Input below:

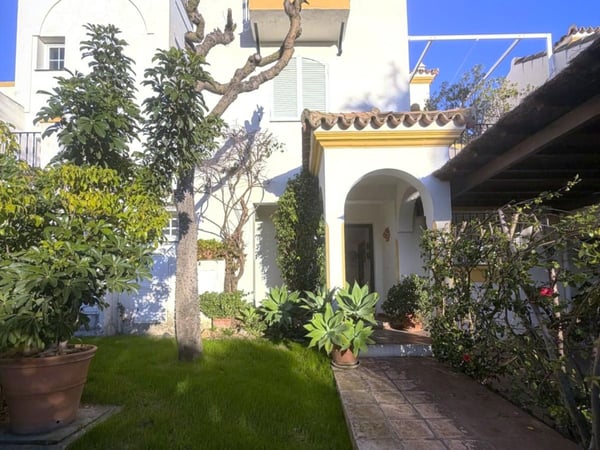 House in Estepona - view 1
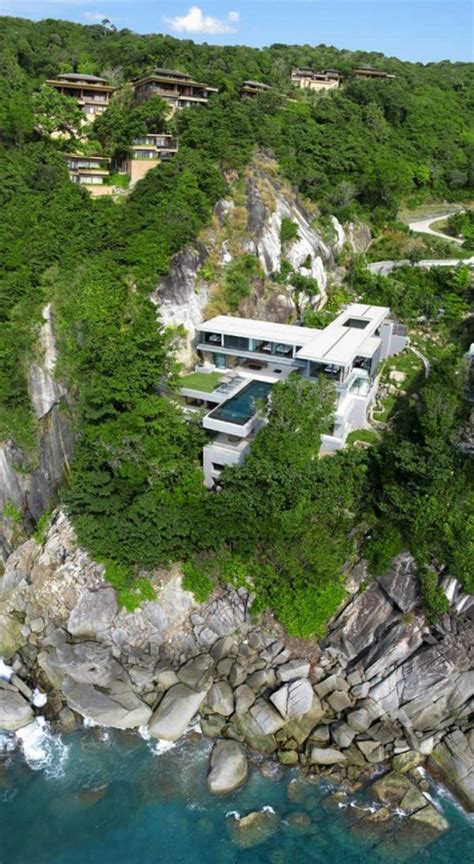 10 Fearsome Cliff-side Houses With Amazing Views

End of Input.
Input below:

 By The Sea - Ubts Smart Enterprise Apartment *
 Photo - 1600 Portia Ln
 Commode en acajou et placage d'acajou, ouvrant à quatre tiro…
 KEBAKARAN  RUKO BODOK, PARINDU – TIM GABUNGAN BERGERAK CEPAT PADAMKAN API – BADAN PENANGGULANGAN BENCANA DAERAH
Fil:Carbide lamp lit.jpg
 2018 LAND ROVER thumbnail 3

End of Input.
Input below:

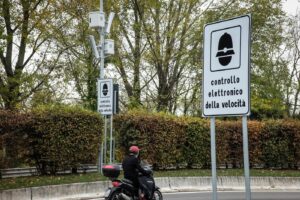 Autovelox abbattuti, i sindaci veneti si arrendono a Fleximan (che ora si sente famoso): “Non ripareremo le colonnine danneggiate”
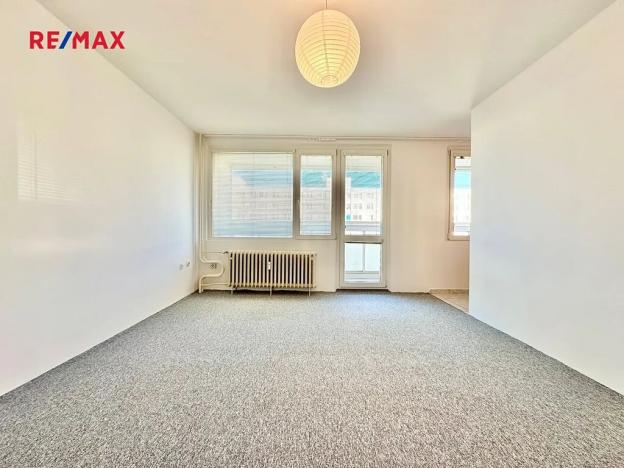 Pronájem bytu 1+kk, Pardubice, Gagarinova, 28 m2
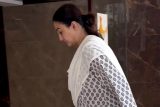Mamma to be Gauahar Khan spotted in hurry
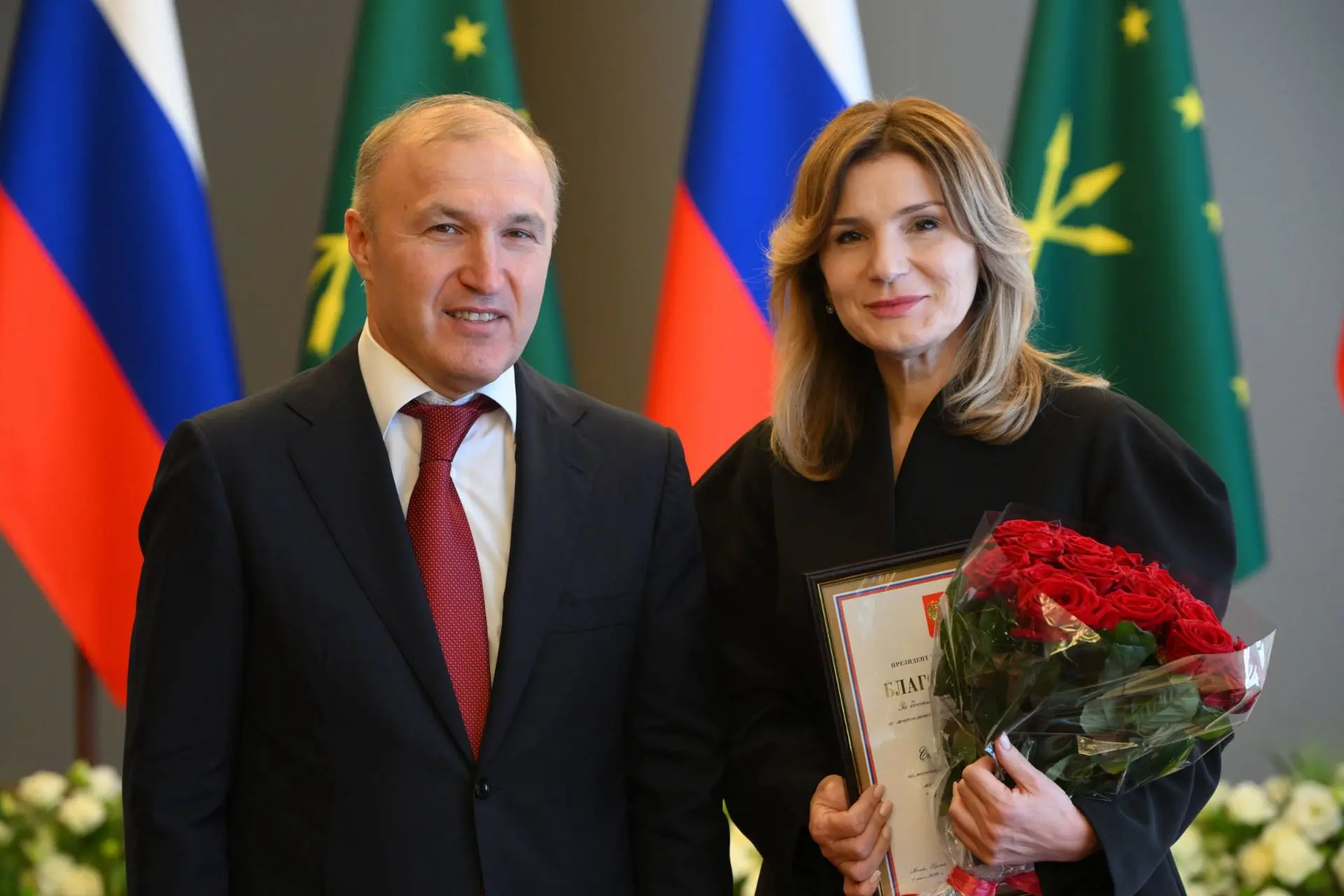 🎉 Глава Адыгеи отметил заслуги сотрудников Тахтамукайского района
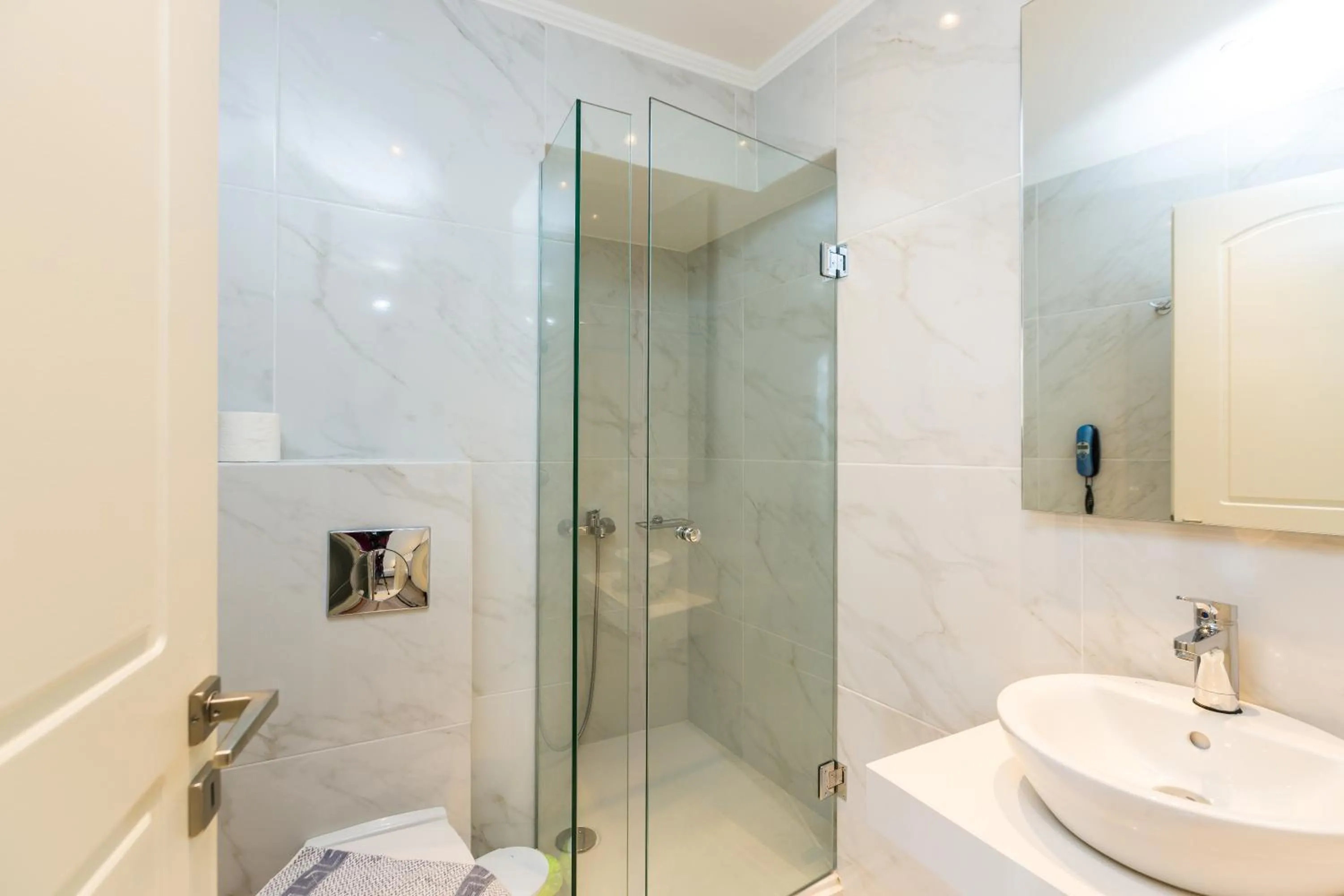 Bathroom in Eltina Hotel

End of Input.

Return word for word the lines of the listing above, starting at the line with "House in Estepona - view 1" and ending at the line with "10 Fearsome Cliff-side", both included. Pictures do not belong in the copy.

▸ Answer to this exercise:
 House in Estepona - view 1
 10 Fearsome Cliff-side Houses With Amazing Views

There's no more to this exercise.